WILL the green shoots of stabilisation wilt in the wake of growing concerns over the spread of the China coronavirus?
With an extended travel ban, and numbers of those affected increasing by the day, the worry is that this slowdown in activities especially during the Lunar New Year, will lower Chinese consumption and growth.
Already at a 30-year low, Chinese economic growth at 6.1% last year could be further hit, affecting the stability of the region.
While long-term investors wait out the contagion which Chinese authorities are struggling to contain, the fear is that this time round, the economy may be worse hit than during the 2003 outbreak of the severe acute respiratory syndrome (SARS).
Sectors like tourism now play a bigger part in China’s GDP, accounting for 5% compared with 2% in 2003, Commerzbank analyst Hao Zhou was quoted as saying by CNN.
The services sector which now contributes 52% to China’s economy, will be affected as consumers avoid going out; in Wuhan, the transport and industrial hub of central China and home to 11 million people, this will have a big impact on spending.
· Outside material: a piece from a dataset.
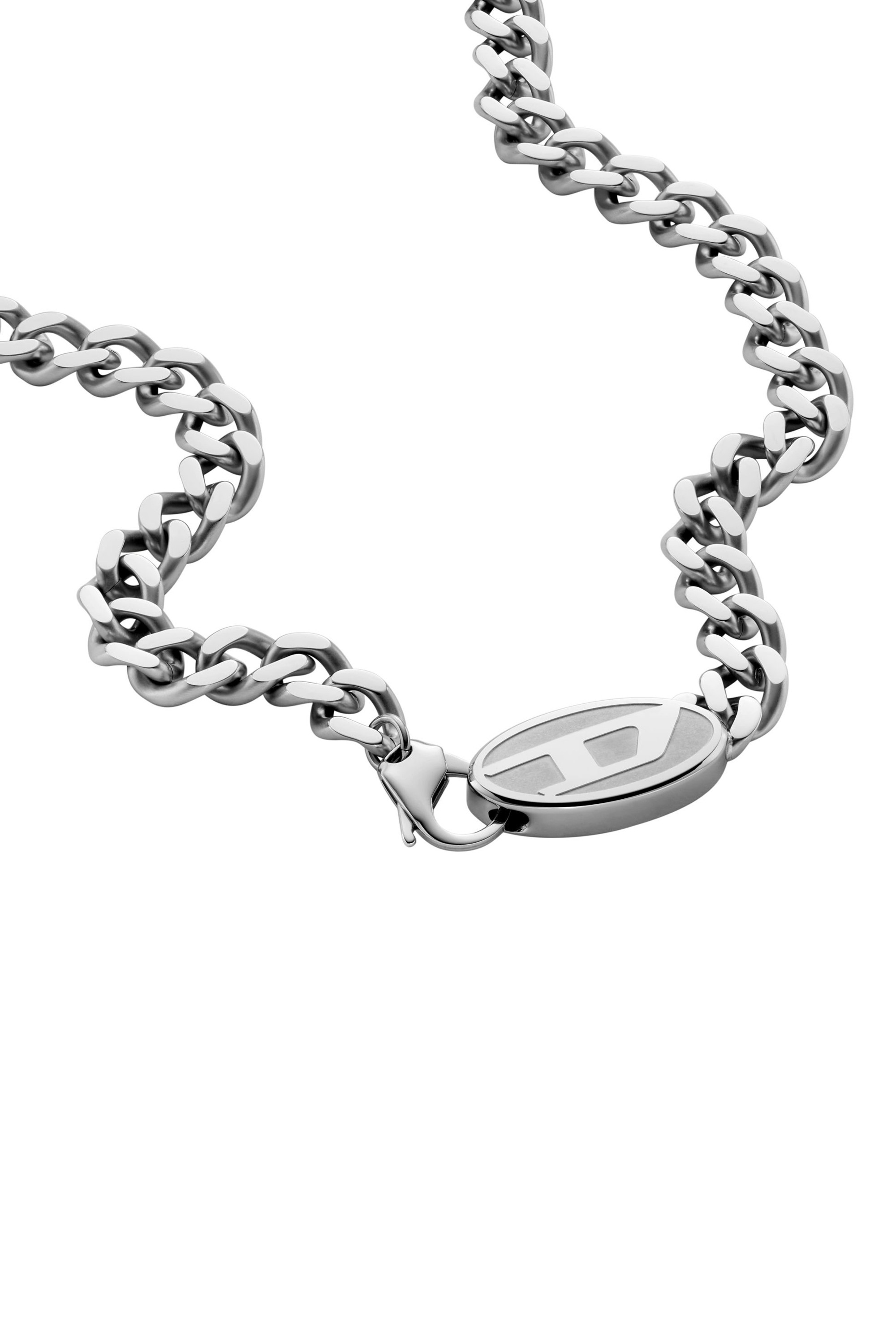 Silver DX1509- Stainless steel chain necklace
If spending on items such as discretionary transport and entertainment contract by 10%, overall GDP growth will fall by 1.2 percentage points, estimated S&P Global Ratings Asia-Pacific chief economist Shaun Roache.
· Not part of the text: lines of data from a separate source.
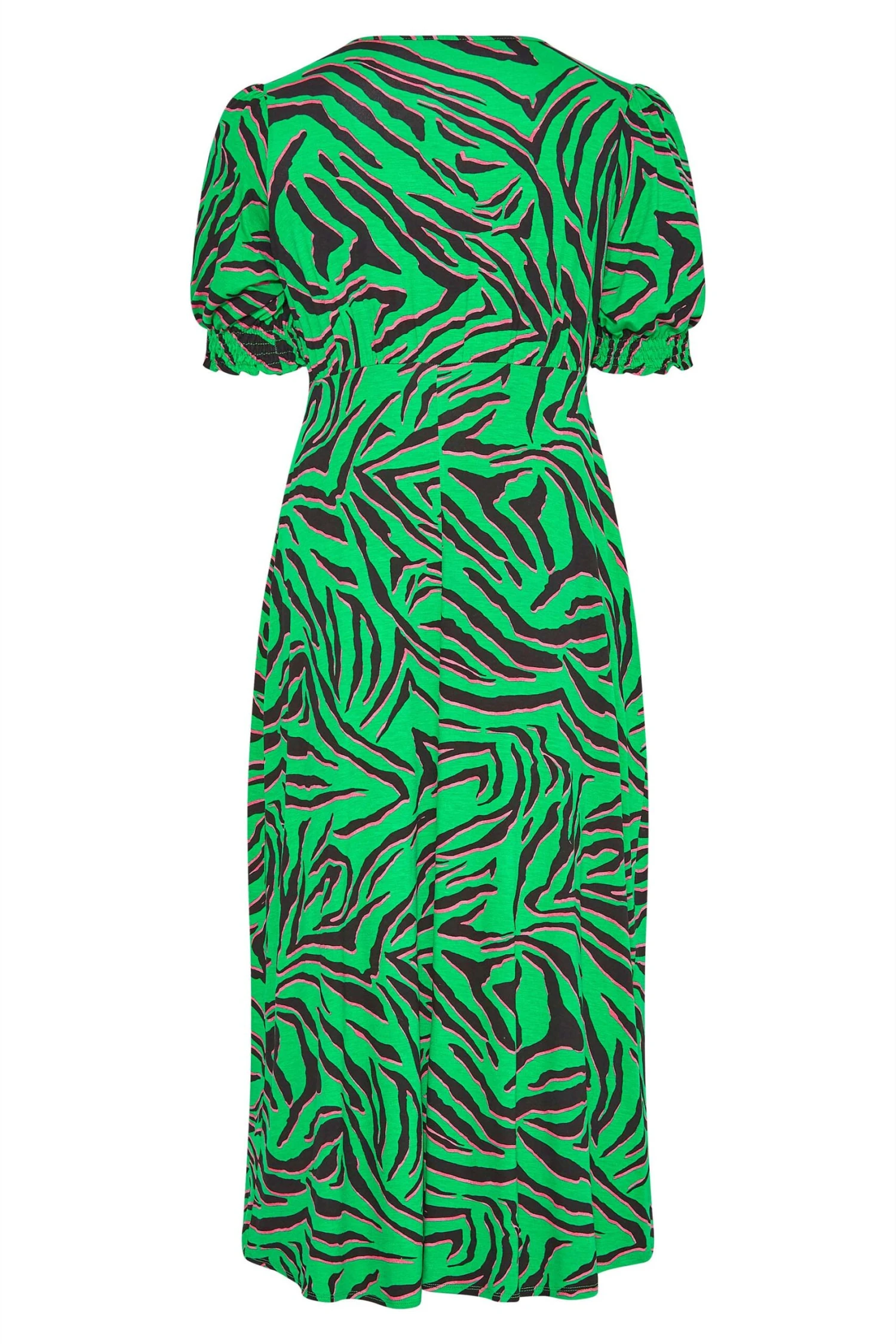 YOURS LONDON - Robe Verte Imprimé Zébré 9 YOURS LONDON - Robe Verte Imprimé Zébré – Image 7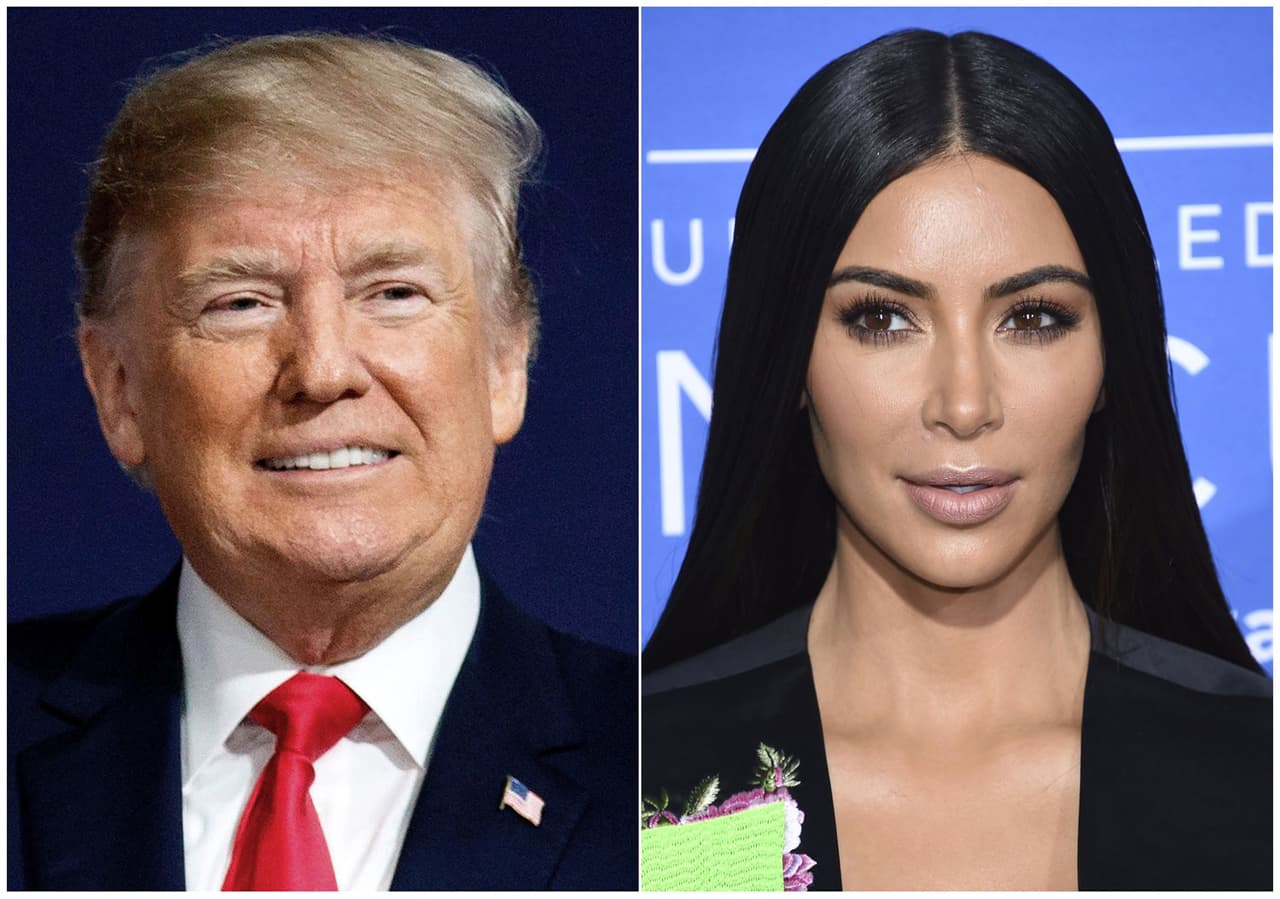 Donald Trump y Kim Kardashian se reunieron en la Casa Blanca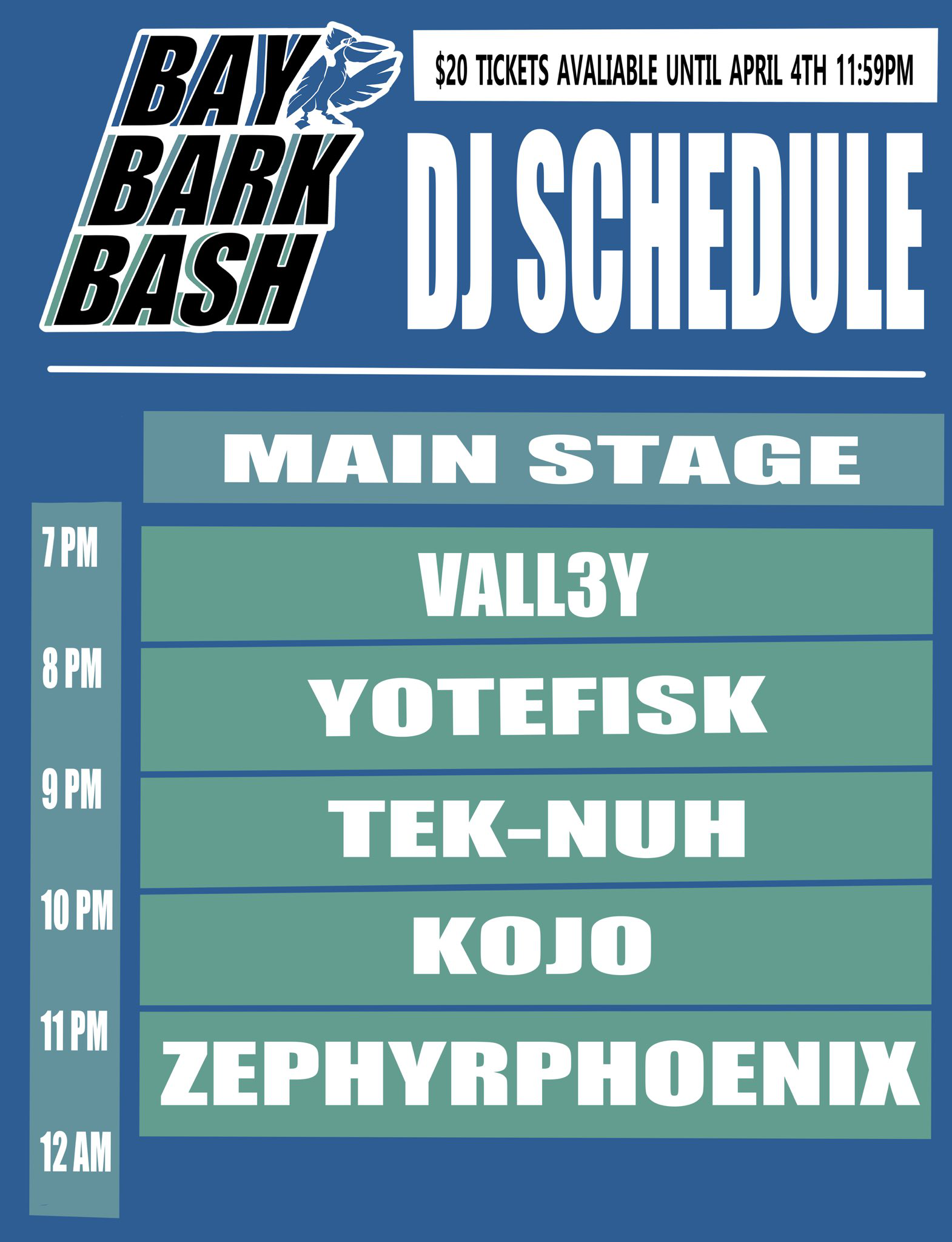 DJ Lineup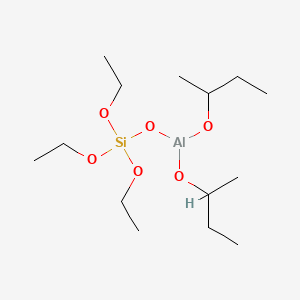 molecular formula C14H33AlO6Si B1591265 Di-sec-butoxyaluminoxytriethoxysilane CAS No. 68959-06-8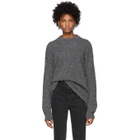 Tibi Grey Easy Cozy Sweater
Hong Kong and Beijing already cancelled planned activities for the Lunar New Year holidays.
Hong Kong, still reeling from ongoing protests, has declared the situation an emergency and closed its schools for two weeks.
Industries exposed to activities that take place outside the home are likely to be hit, as other major cities are also reporting on infected cases.
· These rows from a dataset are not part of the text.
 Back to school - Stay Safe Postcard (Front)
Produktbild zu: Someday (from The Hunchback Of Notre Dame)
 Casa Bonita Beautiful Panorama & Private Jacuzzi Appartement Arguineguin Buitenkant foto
Generally, such events are likely to have a short-lived impact on growth; they are unlikely to evolve into a major crisis that would tip the world into a recession, said RHB Research Institute chief Asean economist Peck Boon Soon.
The timing of this virus outbreak couid not be worse; following a major rollout of stimulus measures, China’s economy was trying to stabilise after its year long trade fight over US tariffs.
Chinese retail sales grew at 8%, year-on-year, in December, which was above expectations for 7.8% although it was unchanged from the five-month high in November.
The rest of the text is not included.